Von Altena überzeugt
Ihre Stärken hat sie immer dann, wenn es um ihre Verbindung zu Altena geht. Dass sie gerne mit ihrer Familie von Iserlohn hierher gezogen ist und hier lebt. Dass sie junge Menschen überzeugen will, nach Ausbildung oder Studium „wieder nach Altena zurückzukehren“. Dass „Altena die Burg hat, aber auch ein tolles Kino“. Dass Altena „nicht nur aus der Innenstadt besteht“ und sie auch „die Ortsteile im Blick halten“ will. Und von einer Verkleinerung der Stadtverwaltung, etwa durch die Abgabe des Jugend- oder Bauamts an den Märkischen Kreis, hält sie nichts; die Grünen-Kandidatin will „kurze Wege für die Bürgerinnen und Bürger“ zur Verwaltung. Klimaschutz- und Umweltpolitik sind ihr wichtig; sie hebt hervor, dass Altena die Straßenbeleuchtung auf energiesparende LED-Leuchten umgestellt hat.
Mitbewerber Volker Spitz im Publikum
„Eine familienfreundliche Stadt mit gut ausgestatteten Kindergärten und Schulen“, eine „attraktive Innenstadt“ und „den Tourismus“ nennt Katharina Hübenthal als ihre drei Schwerpunkte als mögliche Bürgermeisterin den rund 100 Zuhörern im Holtzbrinck-Saal.
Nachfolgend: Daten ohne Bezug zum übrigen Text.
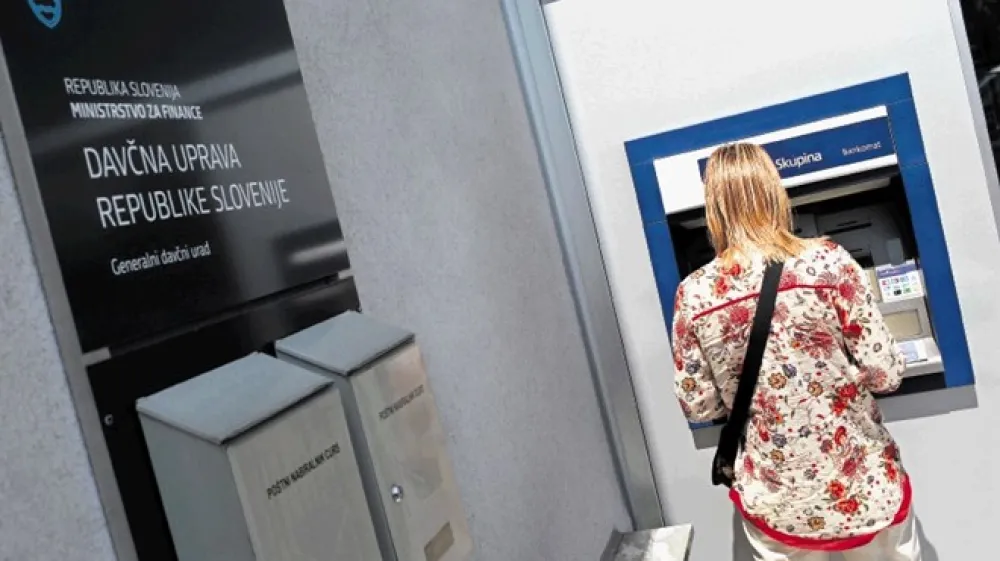 Slabih 60 odstotkov  zavezancev  je minuli petek na bančni račun že prejelo preveč plačano dohodnino za lani, tisti, ki morajo doplačati, pa morajo to storiti najkasneje danes.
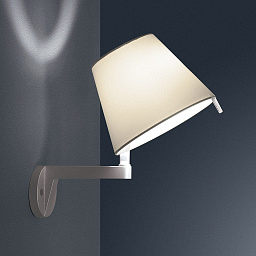 0720020A Artemide Melampo настенный светильник с тканевым абажуром и направленным вниз светом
Zu diesen Besuchern des Grünen-Abends gehören übrigens etliche, die auch beim ersten Dialog-Abend des parteilosen Bürgermeisterkandidaten Volker Spitz mitdiskutiert haben – und Spitz selbst hört sich die Interview-Runde seiner künftigen Wettbewerberin ebenfalls an. Jedenfalls den ersten Teil.
Nach dem Interview durch Klaus Maliga und den Fragen aus den Reihen der Zuhörer erfolgt die Nominierung und die Bekanntgabe der Abstimmung. Das nächste wichtige Ergebnis für Katharina Hübenthal und die Grünen gibt es am Tag der Kommunalwahl, am Sonntag, 13. September. Ab 18 Uhr.